I think the main reason why this is not going to happen easily is power (and the control power allows).

100% agree. No question.

If you look closely, even at the Web Incubator Community Group most proposal are signed or co-signed by Google employees. ... As you say, an independent organization might help that, but isn't the W3C already an independent organization? So if Google is effectively "driving the web through committee", what would this new "engine foundation" do differently?

Also 100% agreed. There's a huge power imbalance, and I do take the point that there's a possibility that if everyone moved to a common browser engine, but Google continued to have an oversized influence on the project, then Google may conceivably have an even easier time influencing the web to work the way they want.

Which begs the question: after a certain base level of efficiency and quality, is the monoculture really about the technical aspect or is it about dominance?

Yep. Definitely a concern.

All of these are super important, very valid points. Google may still have a (too) large influence on web standards, and I have concerns about that. But here's where I'm coming from: I think that's pretty likely to happen anyway. The direction things are headed, I think Chrome will probably continue to pick up a bigger market share, I think every new browser to enter the scene will be built on Chromium, and I think Chromium browsers will continue to implement features and APIs faster than other orgs can keep up, especially with Microsoft's engineers joining the repo.

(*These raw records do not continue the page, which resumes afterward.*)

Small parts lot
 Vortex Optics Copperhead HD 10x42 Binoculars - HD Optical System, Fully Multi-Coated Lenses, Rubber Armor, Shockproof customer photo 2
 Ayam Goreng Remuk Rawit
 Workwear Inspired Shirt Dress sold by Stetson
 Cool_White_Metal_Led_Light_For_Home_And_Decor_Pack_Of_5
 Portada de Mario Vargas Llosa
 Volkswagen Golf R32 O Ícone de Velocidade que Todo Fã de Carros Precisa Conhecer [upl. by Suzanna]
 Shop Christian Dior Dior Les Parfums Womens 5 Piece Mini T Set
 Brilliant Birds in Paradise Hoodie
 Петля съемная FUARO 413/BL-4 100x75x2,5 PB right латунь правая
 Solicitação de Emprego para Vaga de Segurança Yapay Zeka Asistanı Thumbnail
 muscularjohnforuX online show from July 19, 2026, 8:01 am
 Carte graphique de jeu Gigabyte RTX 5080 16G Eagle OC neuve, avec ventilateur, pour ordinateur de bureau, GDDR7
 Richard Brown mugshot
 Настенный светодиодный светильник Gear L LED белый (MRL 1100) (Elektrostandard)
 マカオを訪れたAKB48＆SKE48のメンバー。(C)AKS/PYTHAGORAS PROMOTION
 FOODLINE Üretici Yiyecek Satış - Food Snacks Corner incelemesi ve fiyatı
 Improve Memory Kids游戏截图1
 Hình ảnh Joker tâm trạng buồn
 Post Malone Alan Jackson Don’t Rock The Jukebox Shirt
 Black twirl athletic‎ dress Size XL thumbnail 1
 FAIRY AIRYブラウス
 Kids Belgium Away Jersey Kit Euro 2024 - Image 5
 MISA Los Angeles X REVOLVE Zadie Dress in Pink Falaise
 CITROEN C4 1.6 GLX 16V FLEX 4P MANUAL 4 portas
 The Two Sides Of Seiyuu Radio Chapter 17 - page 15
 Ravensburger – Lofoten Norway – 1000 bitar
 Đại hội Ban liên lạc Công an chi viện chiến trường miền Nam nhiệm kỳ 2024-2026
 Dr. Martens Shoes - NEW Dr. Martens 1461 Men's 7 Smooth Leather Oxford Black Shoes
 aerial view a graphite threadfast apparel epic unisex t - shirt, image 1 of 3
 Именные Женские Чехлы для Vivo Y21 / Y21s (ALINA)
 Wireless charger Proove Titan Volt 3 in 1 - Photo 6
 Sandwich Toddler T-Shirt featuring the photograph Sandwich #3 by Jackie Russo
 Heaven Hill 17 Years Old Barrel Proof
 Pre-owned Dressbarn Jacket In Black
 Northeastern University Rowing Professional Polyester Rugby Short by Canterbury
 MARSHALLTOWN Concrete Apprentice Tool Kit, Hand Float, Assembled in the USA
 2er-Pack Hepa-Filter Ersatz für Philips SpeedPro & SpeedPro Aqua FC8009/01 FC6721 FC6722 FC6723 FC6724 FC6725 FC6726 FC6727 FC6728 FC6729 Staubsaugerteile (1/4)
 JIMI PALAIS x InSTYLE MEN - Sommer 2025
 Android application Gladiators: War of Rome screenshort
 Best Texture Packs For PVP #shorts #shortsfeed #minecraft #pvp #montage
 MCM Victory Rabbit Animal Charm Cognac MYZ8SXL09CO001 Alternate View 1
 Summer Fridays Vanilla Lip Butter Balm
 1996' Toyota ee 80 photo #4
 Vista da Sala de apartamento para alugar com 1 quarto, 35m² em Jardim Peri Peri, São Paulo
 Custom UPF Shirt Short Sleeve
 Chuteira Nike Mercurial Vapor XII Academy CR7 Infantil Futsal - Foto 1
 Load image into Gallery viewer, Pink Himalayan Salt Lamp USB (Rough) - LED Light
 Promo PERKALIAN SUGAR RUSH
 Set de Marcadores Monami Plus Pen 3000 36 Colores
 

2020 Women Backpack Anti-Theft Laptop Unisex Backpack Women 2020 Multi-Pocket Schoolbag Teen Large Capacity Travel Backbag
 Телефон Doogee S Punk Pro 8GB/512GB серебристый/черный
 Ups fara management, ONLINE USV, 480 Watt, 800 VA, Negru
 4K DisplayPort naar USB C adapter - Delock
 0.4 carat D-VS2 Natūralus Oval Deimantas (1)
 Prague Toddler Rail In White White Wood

What's the end state there? I'm very worried about a certain scenario, which seems to be playing out now: More and more web apps (not just Google ones) will become Chrome-only, or Chrome/Edge/Opera-only. More and more users will see these messages and think they have no choice but to download a supported browser, because they really want to use that application. Safari will lose users, Firefox will basically die out (or shrink to less than 1%), Google will dominate, and there will be no structure in place to stop them.

As a small aside, I think the advancement of TWAs in the Google Play Store (Trusted Web Activities, basically a way to package a PWA into an Android app) will put even more pressure on app developers and companies to target Chromium first and foremost, to maintain compatibility with the Play Store and avoid having to maintain a separate Android app.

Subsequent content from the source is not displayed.